What are the hardware specifications of the machine (RAM, OS, Disk)?
win10 : i5-7500, 16G RAM, SSD
linux : Intel® Xeon® CPU E5-2637 v3 @ 3.50GHz, 64G RAM, SSD
What did you do?
db, err := badger.Open(badger.DefaultOptions("badger"))
if err != nil {
panic(err)
}
defer db.Close()
for i := 0; i < 10_0000; i++ {
bs := make([]byte, 8)
binary.BigEndian.PutUint64(bs, uint64(time.Now().UnixNano())+rand.Uint64())
err := db.Update(func(txn *badger.Txn) error {
return txn.Set(bs, bs)
})
if err != nil {
panic(err)
}
}
What did you expect to see?
win10 is is similar to linux
What did you see instead?
It spends 3s on win10 but 30s on linux. The linux is a machine of production env, can you try on your win10 and linux? Maybe my linux has some problem?

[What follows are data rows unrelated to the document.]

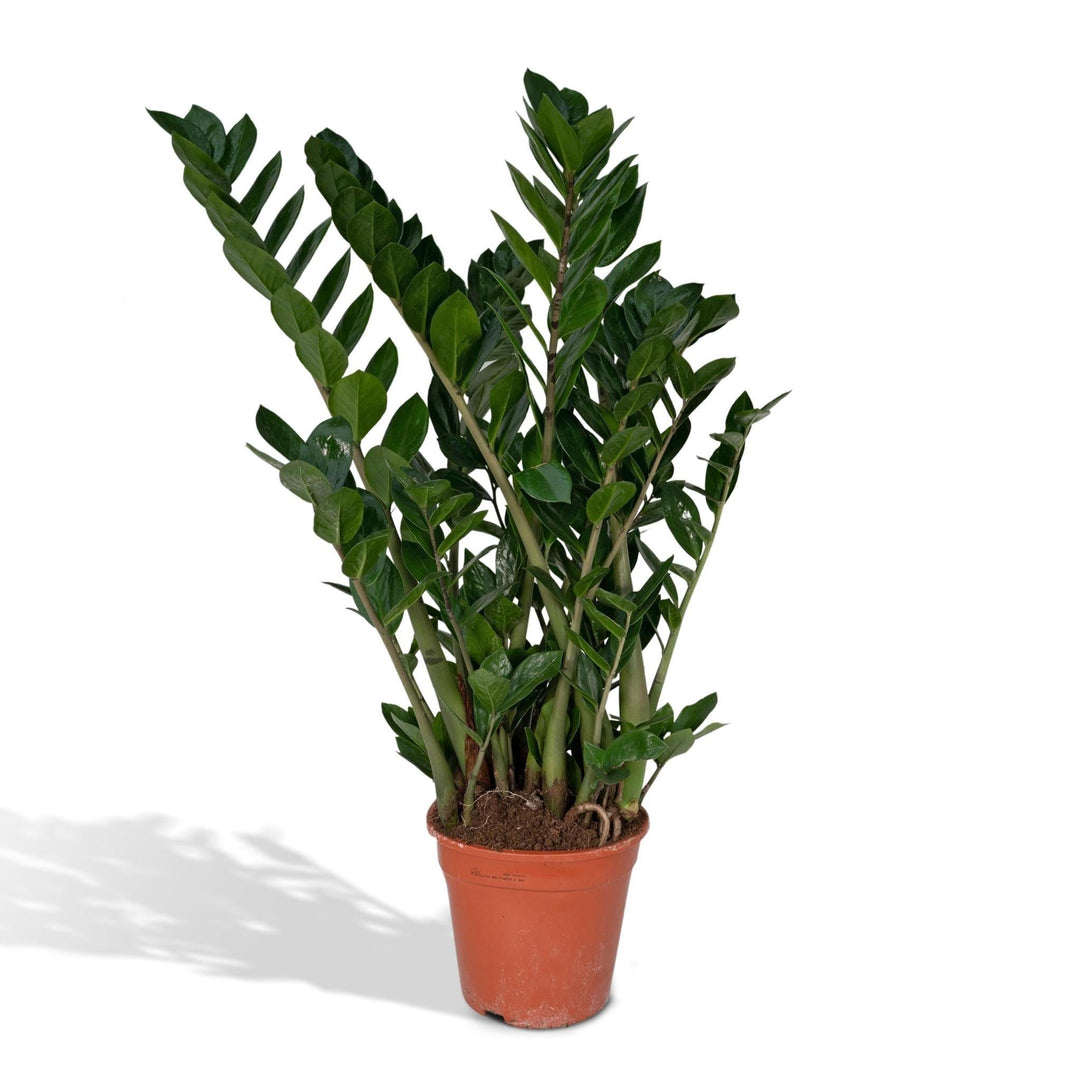 Zamioculcas Zamiifolia - Smaragdpalme - 80cm - Ø21-Plant-Botanicly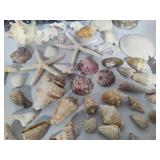 Large Shell Collection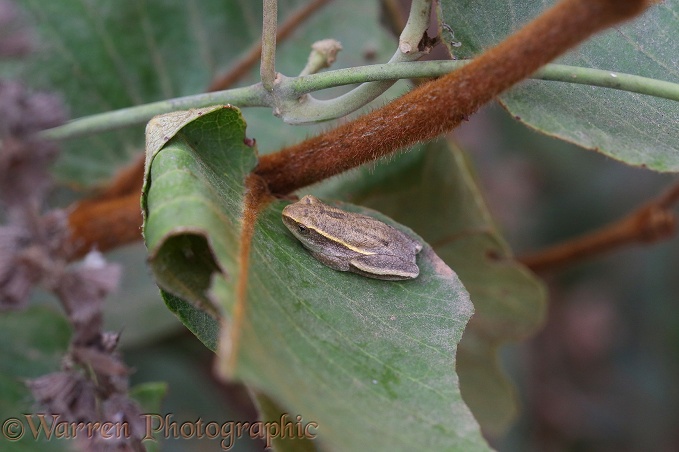 West African Reed Frog (Hyperolius  nitidulus) aestivating in an exposed position during the dry season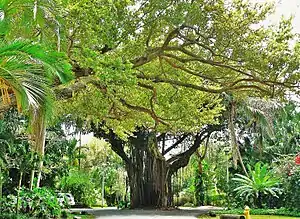 Typical street in the Grove, showing heavy vegetation characteristic of the hammock.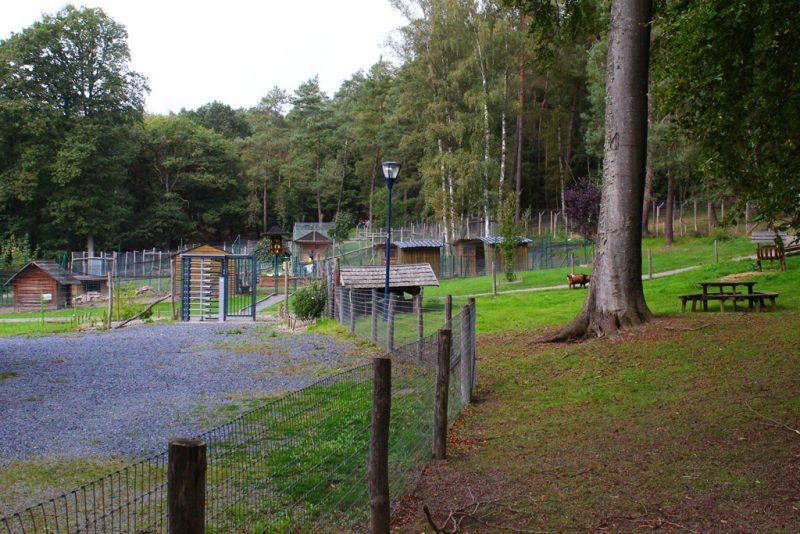 Wildpark La Roche-en-Ardenne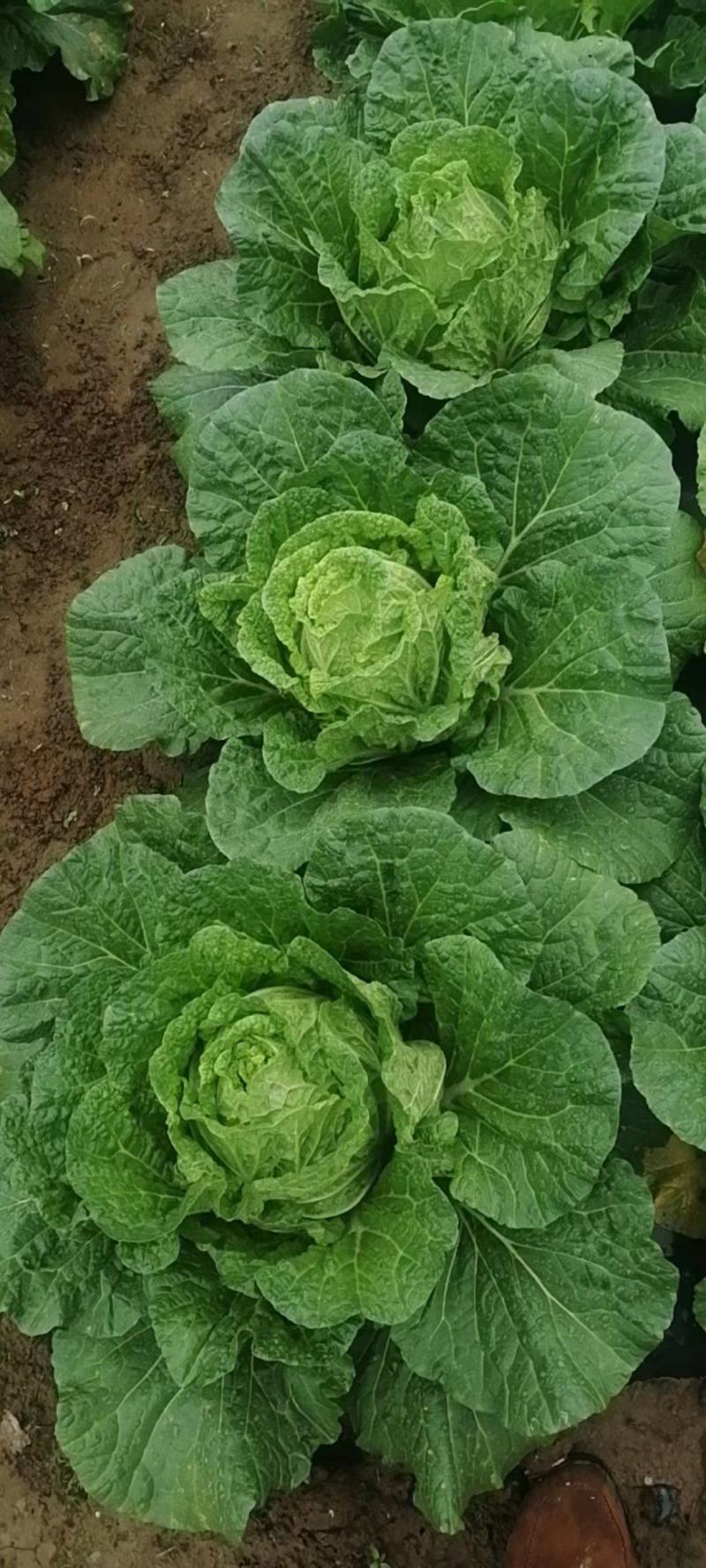 富硒大白菜高山白菜品质优良基地直销量大从优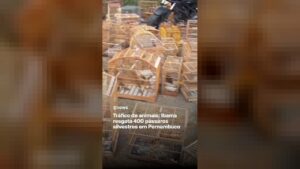 Tráfico de animais: Ibama resgata 400 pássaros silvestres em Pernambuco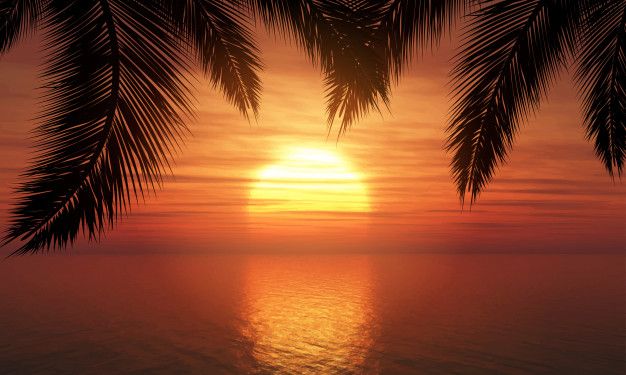colorweeks's tweet photo. CW Bonus Opportunity! Eat a fruit or vegetable at a sunset of a similar color! Time to get creative! You have 72 hours, GO! :)  #colorweeks #bonus https://t.co/YM2V2jujDQ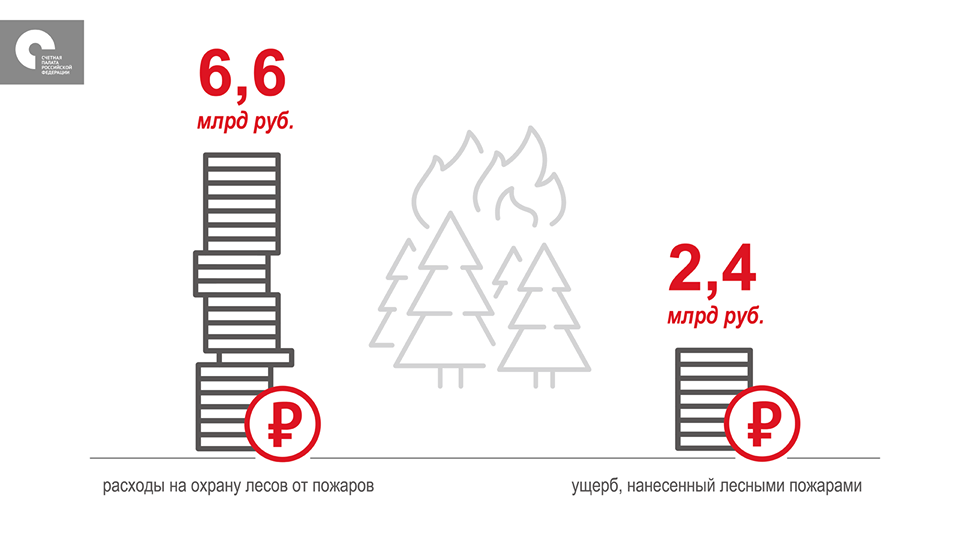 В России подсчитали миллиардные убытки от лесных пожаров (ИНФОГРАФИКА)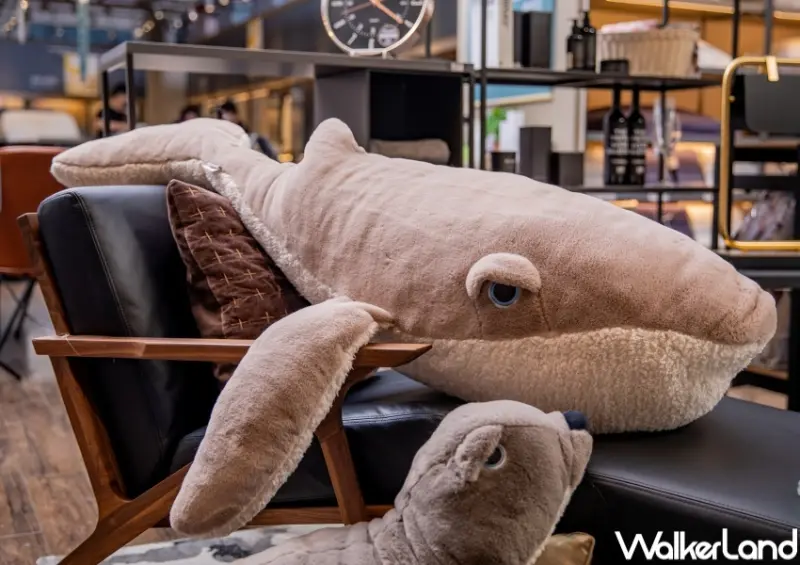 HOLA海洋系產品 / WalkerLand窩客島整理提供 未經許可，不得轉載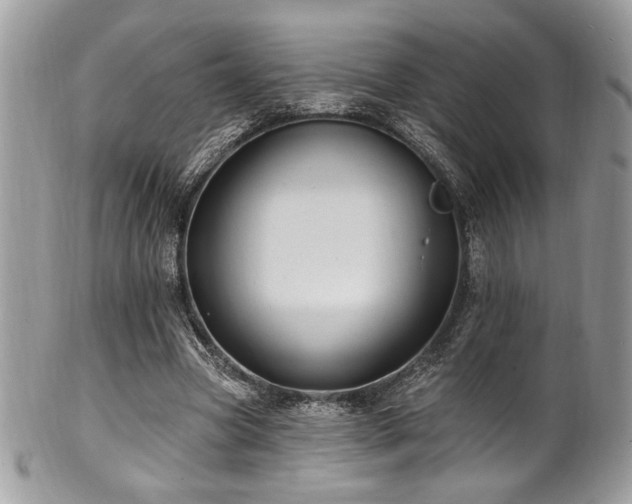 X0000102310537200807251442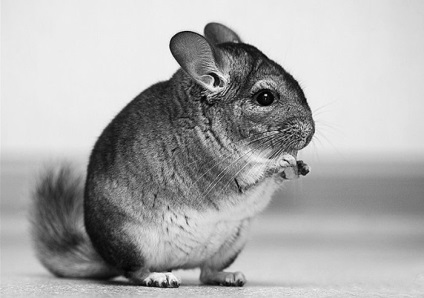 Chinchilla și câine (câine) Chinchilla și câine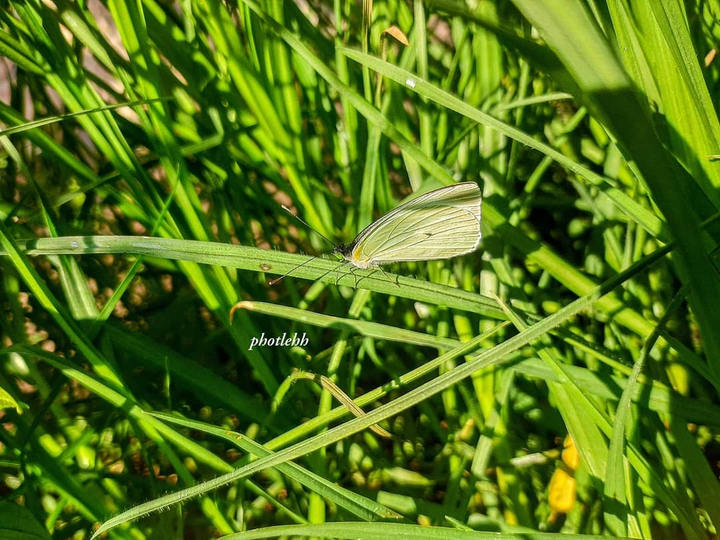 Mariposa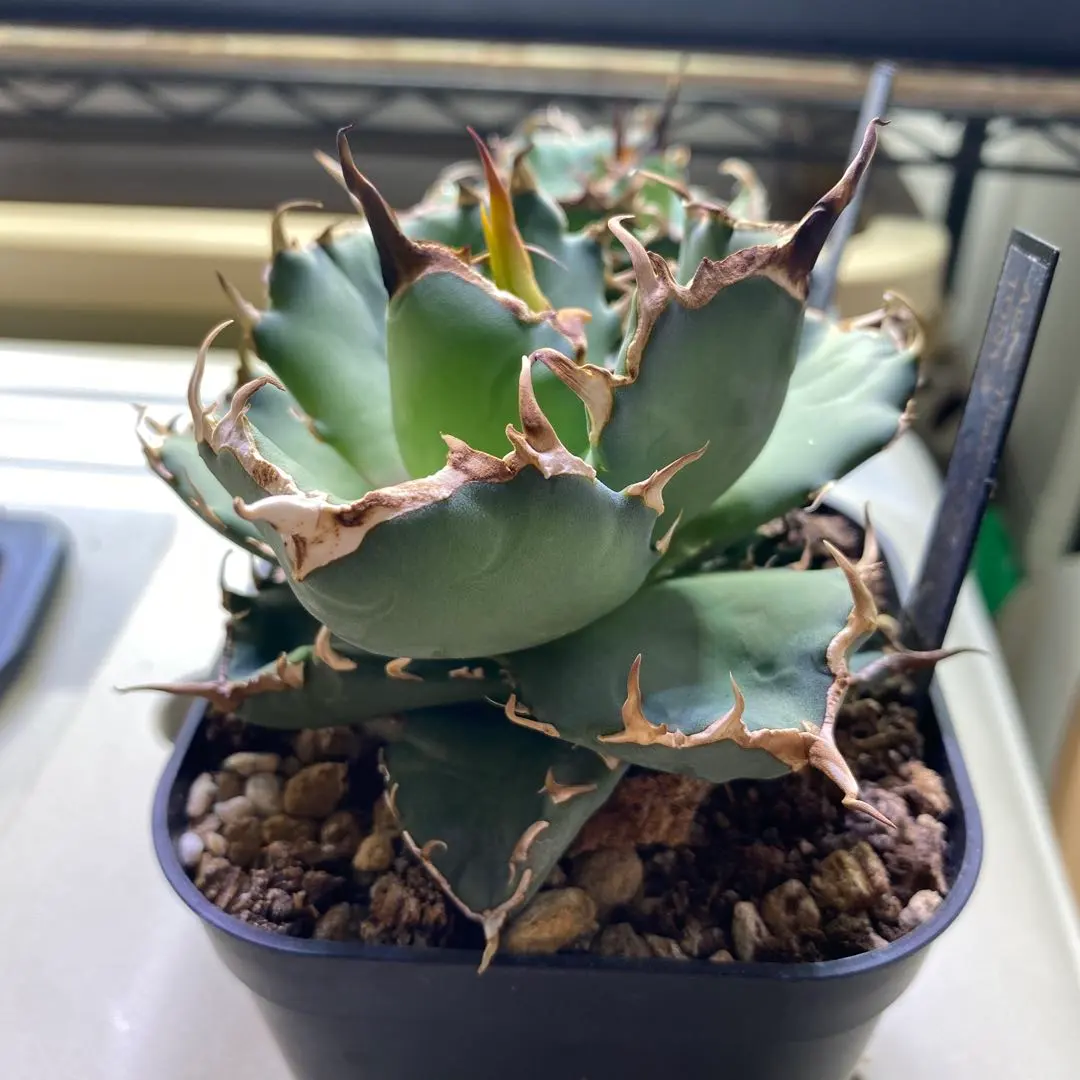 2026年最新】海豹 アガベの人気アイテム - メルカリ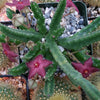 Stapelia scitula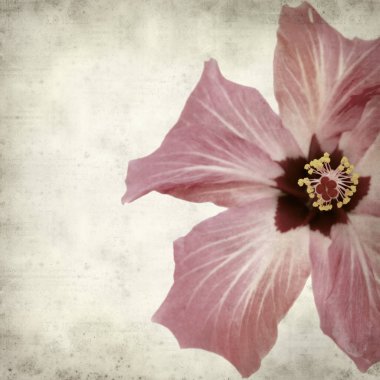 desenli eski kağıt arkaplan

I was able to reproduce this as well. The problem seems to be related the way sync writes are handled in linux.
Running this on an HDD takes ~6 seconds on an HDD in Windows 10 + NTFS, and takes a very long time on the same HDD with Ubuntu 19.10 + ext4 (I’m at 10 minutes now, but gave up).
However, if I change the badger options to include SyncWrites=false then it takes ~6 seconds on Linux. The above linked issue has a lot of performance benchmarking that definitely matches up with this issue.
@campoy@jarifibrahim is this expected badger+Linux behavior or a bug?
@aschmahmannsyncWrites=false would speed up writes because the file is no longer opened in sync mode. Writes in sync mode are expensive. But the issue here seems to be that writes in linux are much slower on HDD compared to windows.
I’ll try to verify this against windows and Linux. Thanks for reporting!
@jarifibrahim is it possible that there are semantic sync flag differences between Linux and Windows here? From my cursory look following the Go Windows write code it looks like the sync flag might be totally ignored, haven’t had a chance to look at the Linux Go code yet.
Until Golang decides to support Windows CreateFile flags in Open as it does Unix flags that we may need to copy-paste the Open function call and modify it to support O_SYNC.
@tsellers-r7 yes. In general you’re expecting data loss during a crash if you don’t use O_SYNC. If you thought you had O_SYNC, but you didn’t (i.e. on Windows) then you might not be accounting for potential loss as well as you could.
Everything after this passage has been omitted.